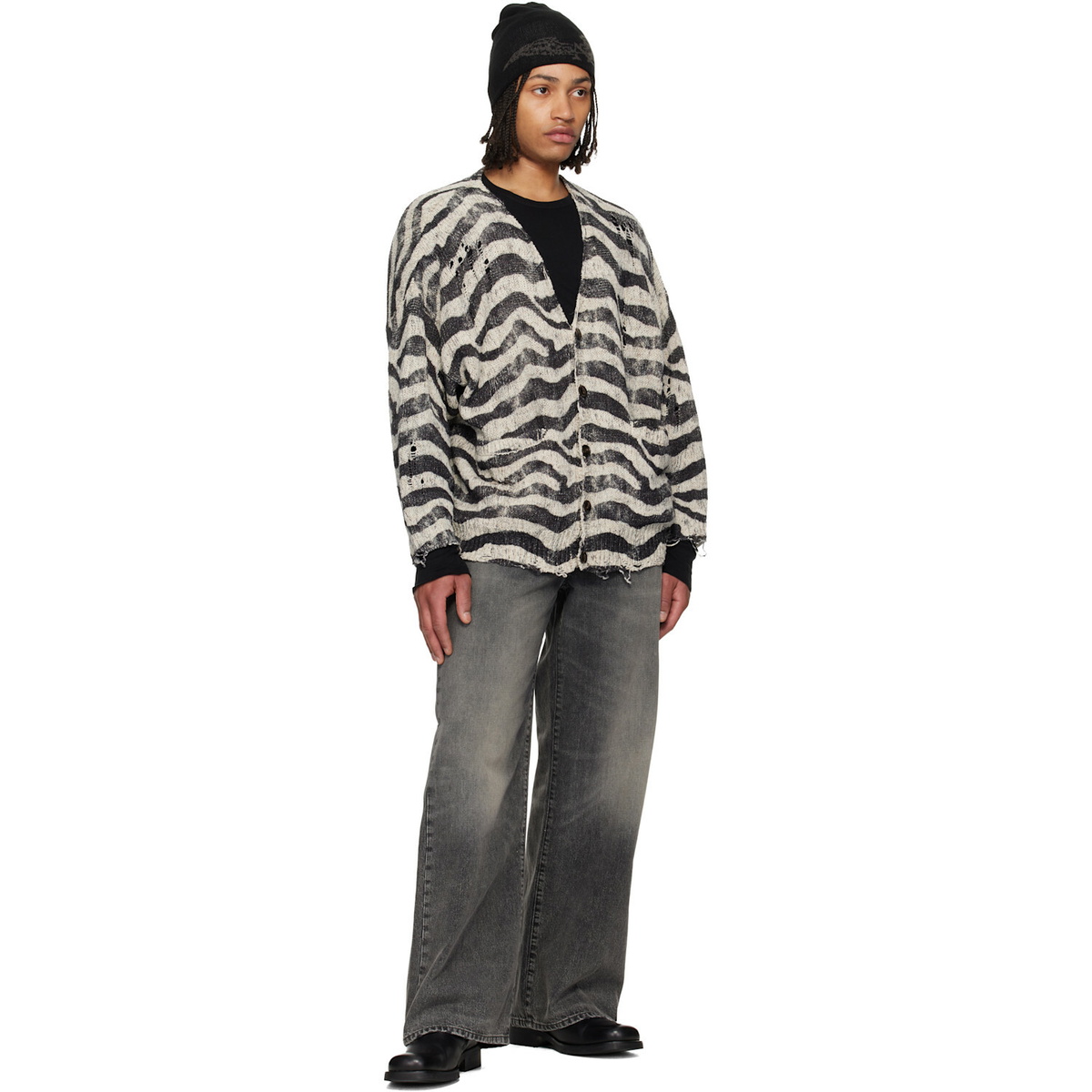 R13 Black & White Printed Oversized Cardigan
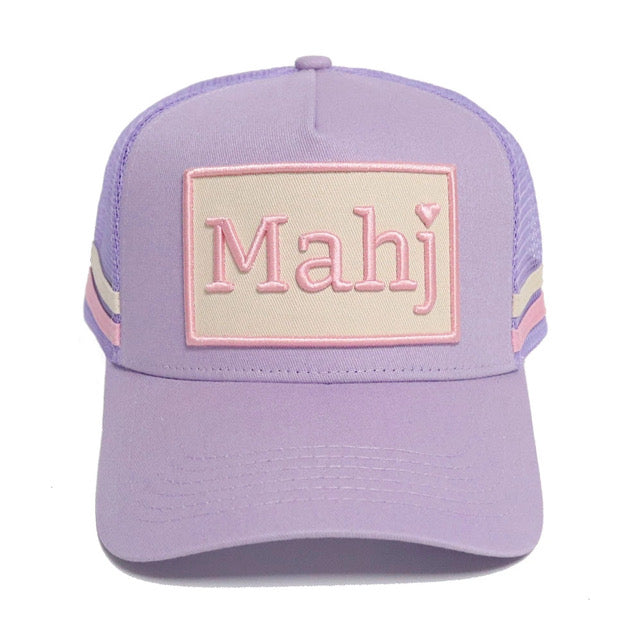 Mahjong trucker hat lavender front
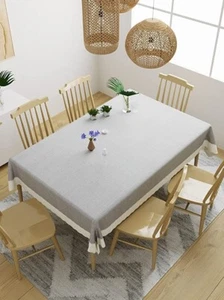 PVC Solid Plain White Lace 60x108inch 8 Seater Dinning Table Cover cream - Picture 1 of 6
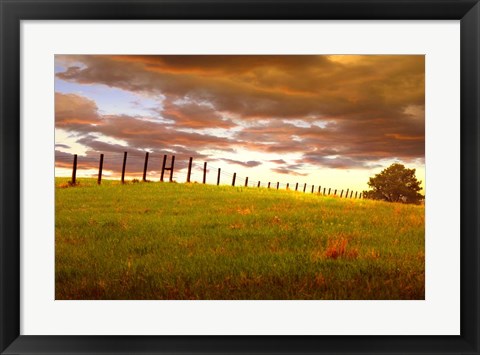 Framed Fenceline, South Dakota Print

+ + + + +

I would like the material above returned exactly as it stands, without its pictures.

RESPONSE TO THIS EXERCISE »
 R13 Black & White Printed Oversized Cardigan
 Mahjong trucker hat lavender front
 PVC Solid Plain White Lace 60x108inch 8 Seater Dinning Table Cover cream - Picture 1 of 6
 Framed Fenceline, South Dakota Print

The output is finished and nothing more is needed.